### Exercise aim
Please set down exactly the lines of the listing below from the line containing "6th Sense Saltwater Shindo Shad" through the line containing "Banc de rangement", both lines included, leaving out all other lines.

### Records shown

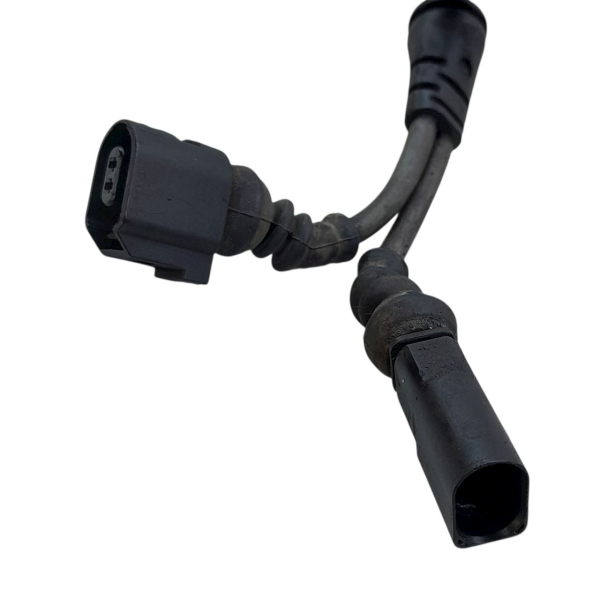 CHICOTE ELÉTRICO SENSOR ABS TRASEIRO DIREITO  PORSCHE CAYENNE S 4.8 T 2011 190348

* * *

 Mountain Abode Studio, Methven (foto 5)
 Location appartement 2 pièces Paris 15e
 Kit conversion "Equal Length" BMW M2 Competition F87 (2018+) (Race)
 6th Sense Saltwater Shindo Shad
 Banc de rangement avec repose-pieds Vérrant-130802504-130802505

--

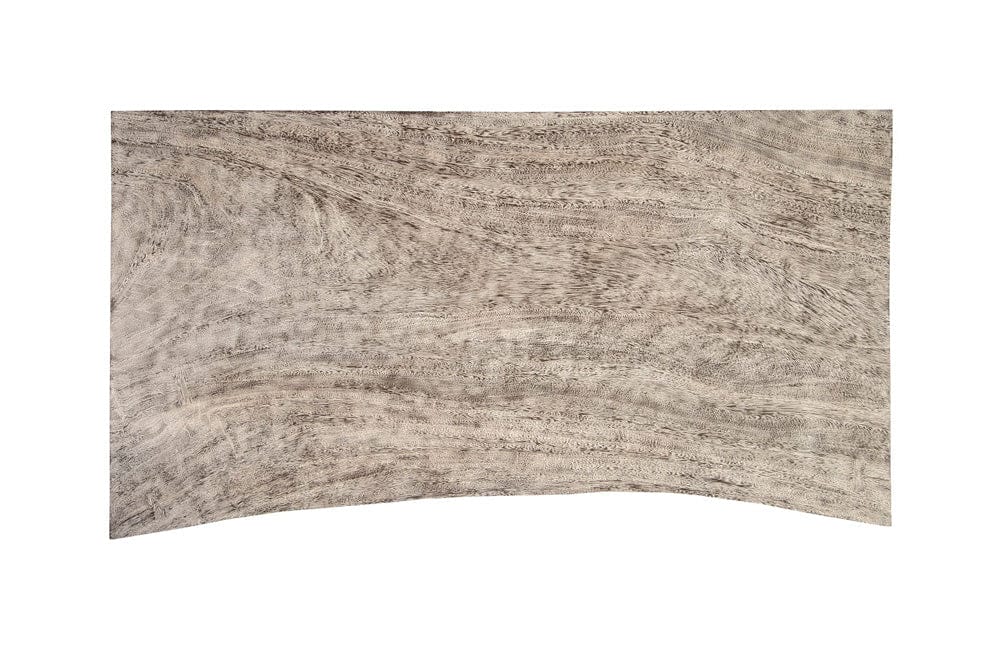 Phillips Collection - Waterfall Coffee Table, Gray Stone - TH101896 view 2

### Output
 6th Sense Saltwater Shindo Shad
 Banc de rangement avec repose-pieds Vérrant-130802504-130802505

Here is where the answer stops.